Search code examples
c#html-agility-pack

Splitting HTML string with HtmlAgilityPack


I have a html code like this:

<div class="classA">
Content
</div>
<div class="classA">
Content
</div>
 // another ClassA ....

 <div class="classA">
 <blockquote>Some key</blockquote >
 </div>

How can I remove outerHTML of Some key or get all html code above class which had Some key with Html agility pack?

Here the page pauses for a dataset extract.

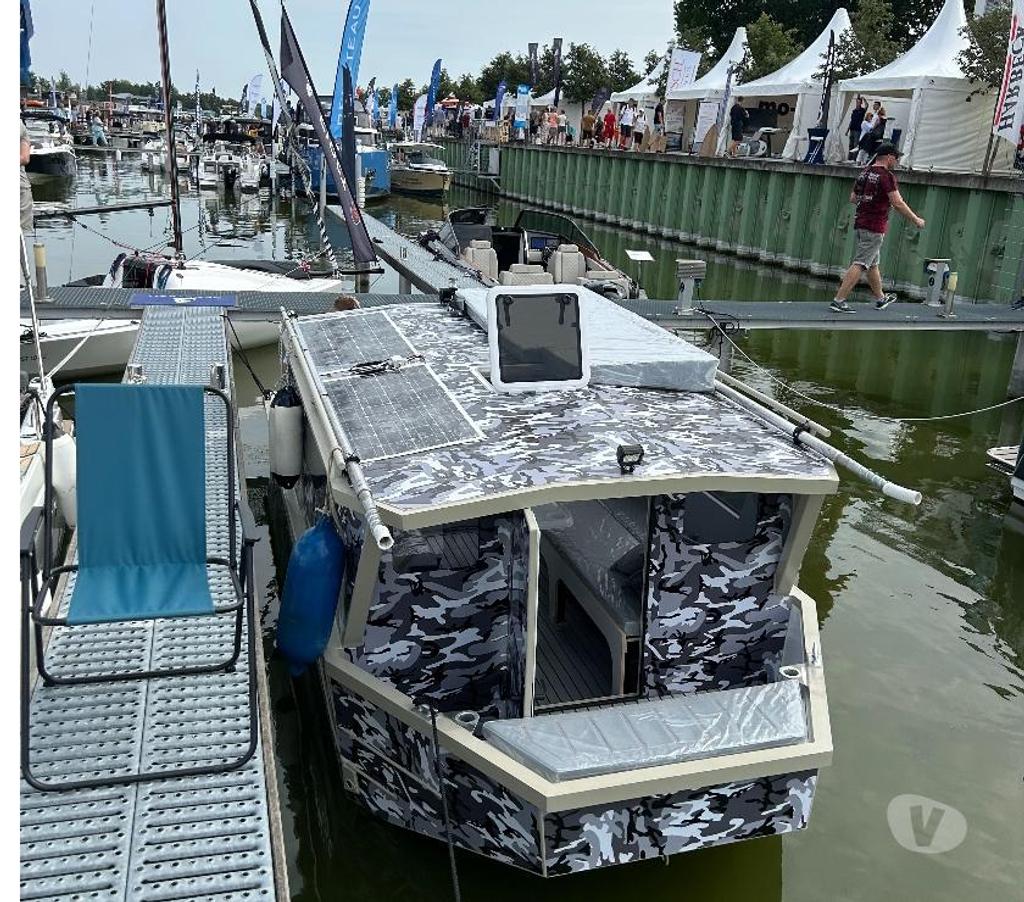 Bateaux à moteur Maine-et-Loire Loire - 49440 - Photos Vivastreet Bateau de pêche en aluminium avec cabine, à vendre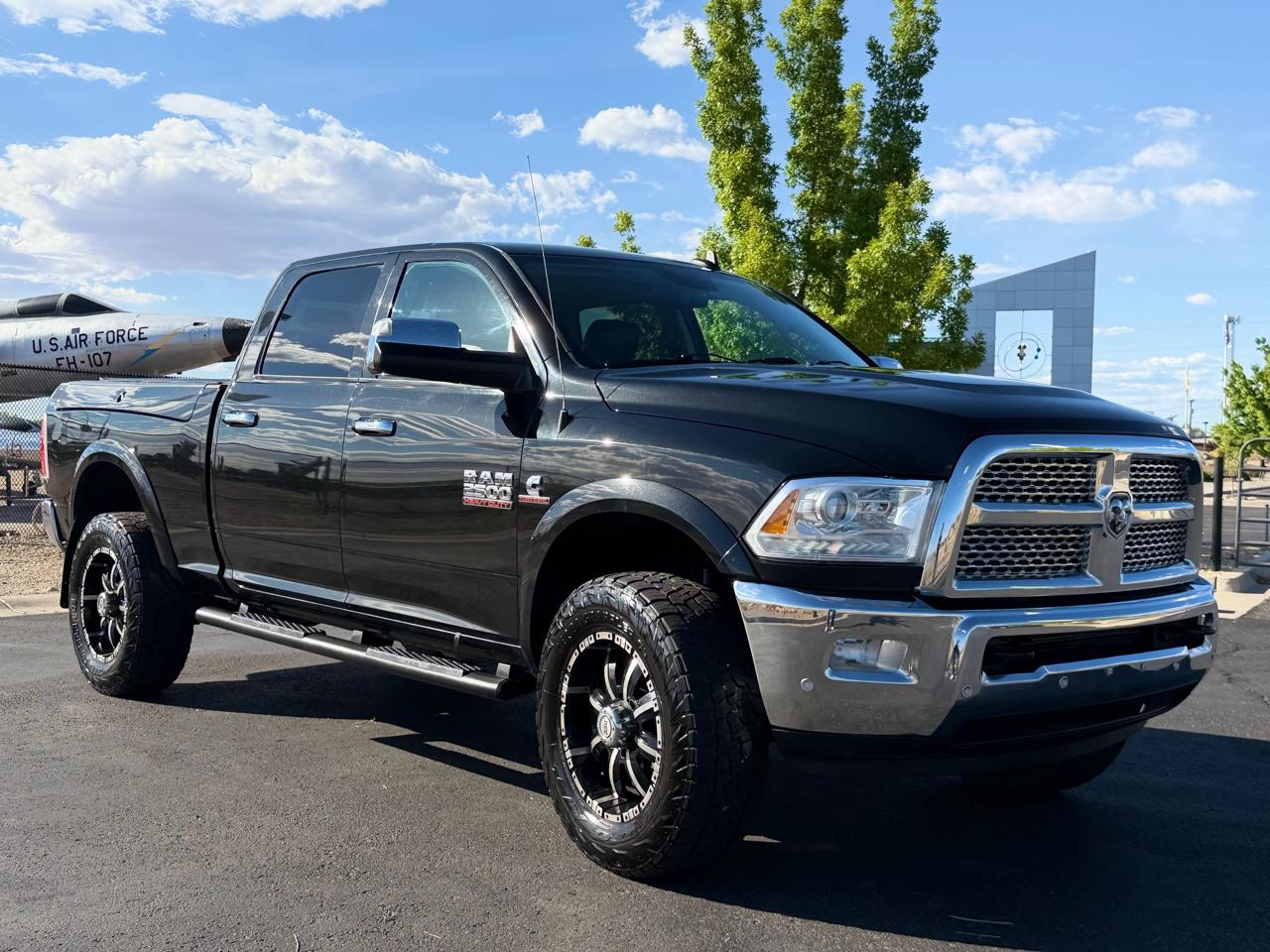RAM 2500 Laramie Crew Cab SWB 4WD 2017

It's mean, the result I want is

 <div class="classA">
Content
</div>
<div class="classA">
Content
</div>
 // another ClassA ....

Solution

  • XPATH is your friend.

    This returns expected result with just one query

    HtmlDocument doc = new HtmlDocument();
    doc.LoadHtml(html);
    foreach (HtmlNode node in doc.DocumentNode.SelectNodes(
       "//blockquote[text()='Some key']/parent::*/preceding::*"))
          Console.WriteLine(node.OuterHtml);
    

    where

    • //blockquote[text()='Some key'] selects element with the required key. If it should be within <div class="classA">, use more precise path expression of //div[@class='classA']/blockquote[text()='Some key']
    • parent selects parent element, which is <div class="classA">
    • preceding selects all nodes before the given node

    Demo: https://dotnetfiddle.net/BlQ3w9